Tuesday, April 16, 2013

How wild is London?

This is the first in a series of installments that I plan to write about my recent experiences in London. These will alternate on my two blogs, as I was there to discover both parks and the wealth of arts that London has to offer. In the end I envision a synthesis of these interests for one of the most important things I learned in London, an enormous city that is both ancient and modern, is that separating things into discrete categories is difficult and in the end a distortion of the total experience.

Installment 1: Arrival

The aluminum tube with wings that delivered my wife and me across the Atlantic Ocean lands without incident at Heathrow Airport somewhere on the outskirts of London. After a brief train ride aboveground through a dreary-looking urban landscape, reminiscent of BBC productions of Masterpiece Mystery, we are deposited in Paddington Station. We descend to London’s famous underground for a ride on the Tube. An hour and a half and two transfers later, we ascend two long escalators. We have traversed most of London and crossed under the river Thames, although there is no way of knowing this. Completely disoriented, we huddle in the shelter of the Cutty Sark Station in Greenwich, greeted with gusting flurries of snow.

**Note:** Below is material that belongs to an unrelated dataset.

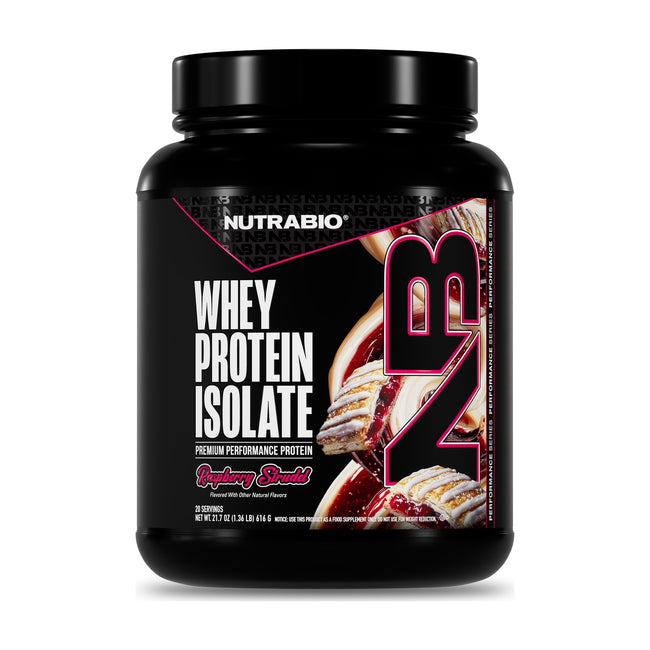 NutraBio Whey Protein Isolate – 20 or 50 Servings — 20 Servings / Raspberry Strudel — product container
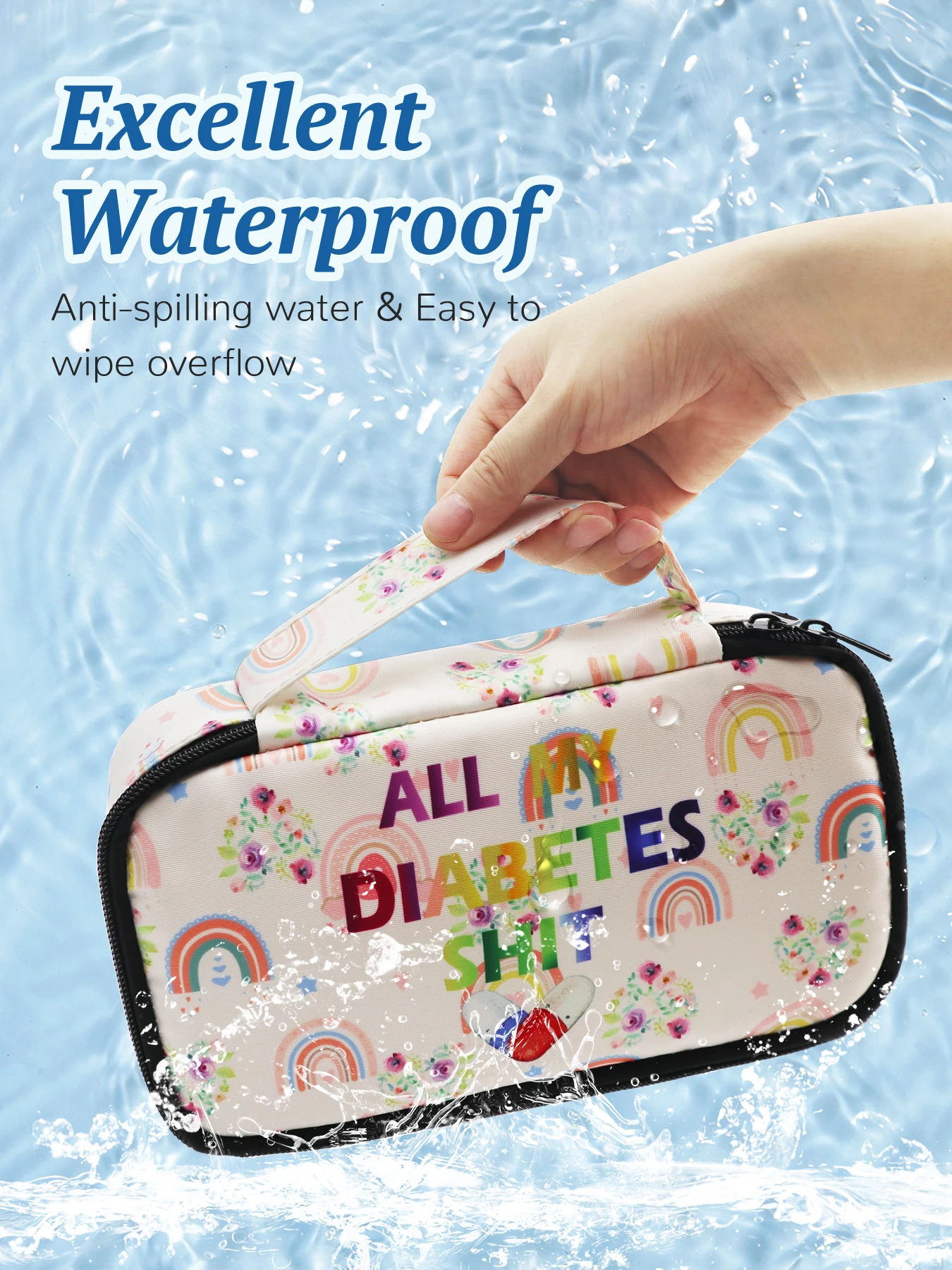 Rainbow Pattern Portable Insulin Insulated Storage Bag For Travel, Diabetic Patients Insulin Storage Box Large size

Our ten-day adventure in London begins with this auspicious sign. Others might have viewed it with apprehension. Snow in April, while not unheard of, is definitely not what we expected. We would soon learn that Londoners too were particularly happy to be rid of March, which had broken records for cold temperatures. So far April was proving to be similarly disappointing. But for me the blustery weather signals the presence of the unexpected, which author David Gessner identifies as one of the primary characteristics of the wild.

Gessner proclaims, “…wildness can happen anywhere. You can’t put a fence around it. It can happen in the jungle or on a city river.” Perhaps even on a city street, although I wouldn’t want to pound the idea into meaninglessness. This snow isn’t what I came to London to experience by any means. I would have been far happier with warm sunshine. But the unseasonable snow is nature’s way of asserting itself—inserting itself into even one of the largest cities on the planet. And its unpredictability quotient has increased in recent years, to the point where only the few and the rigidly ideological deny the effects of climate change.

Still dragging my rolling luggage behind me, I tighten my scarf, zip up my coat, and walk into the swirl of snow. Welcome to London.

The National Maritime Museum in Greenwich. The towers of London's docklands dissolve in the misty background.